During quarantine, an unlikely source of comfort has emerged in my aunt’s collection of Elvis-inspired cookbooks
No object is immune from Elvis-ification. The king’s face has been plastered on nearly every household item, from pillows to (somehow unironically) toilet paper. For cooking paraphernalia, Graceland offers a collection of kitchen tchotchkes for diehard fans, in addition to the Elvis-themed pot holders, cutting boards, and spoons on Amazon and Etsy. If you want to really bring the king of rock and roll into your kitchen, though, pick up one of the cookbooks. An entire cottage industry of Elvis “themed” cookbooks, most written by his former personal cooks or relatives banking on the Presley last name, popped up decades after Elvis’s death. The titles include The Wonder of You: The Elvis Fans Cookbook (1984) and The Wonder of You Volume II (1986), The Presley Family & Friends Cookbook (1998), The I Love Elvis Cookbook (1998), From Elvis’ Kitchen to Yours (2002), All Cooked Up (2005), The Presley Family Cookbook (2013), and easily the best title, Are You Hungry Tonight? (1992).

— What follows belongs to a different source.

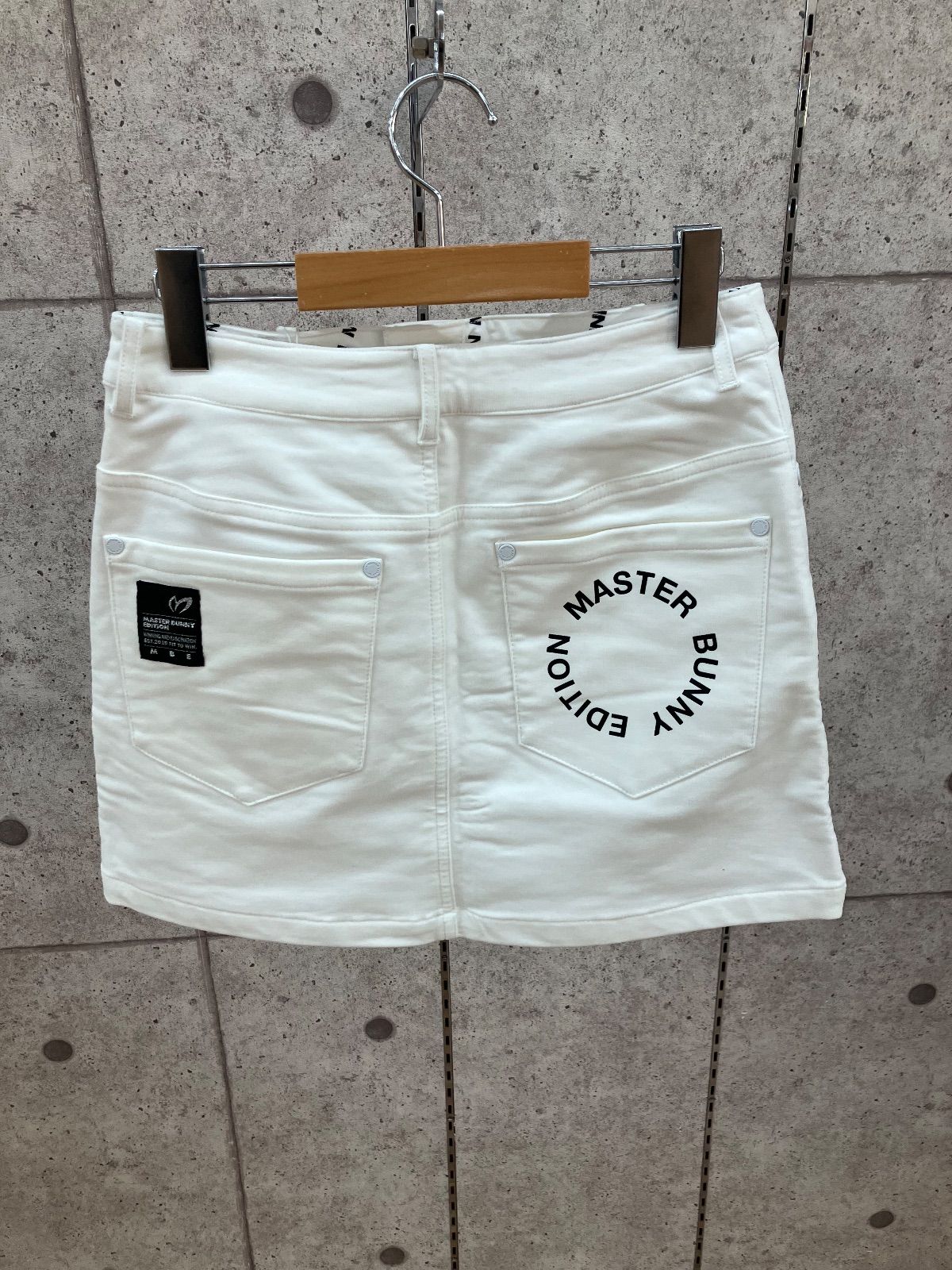  GF 1 マスターバニーエディション MASTER BUNNY EDITION スカート Sサイズ相当 ホワイト系 タイトスカート ミニスカート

I probably listen to Elvis more than the average millennial, but I’m no superfan. Despite that, a copy of that last one sat idle on my kitchen shelf in Brooklyn for years, gifted to me by an aunt who went through “a phase.” But while trapped at my family home in Los Angeles, I have recently found myself drawn to another title my aunt passed on, Fit for a King: The Elvis Presley Cookbook (1992). To cook from the book is to step back into the “simpler time” of midcentury America — or at least, a ’90s author’s vision of that simpler time — one peppered with the feelings that come with a collection of family recipes, foods passed down a few generations with rough instructions and eyeballed measurements. Like the re-surging victory garden trend that has inspired Americans to turn their anxiety into something actionable, it’s one means of comfort.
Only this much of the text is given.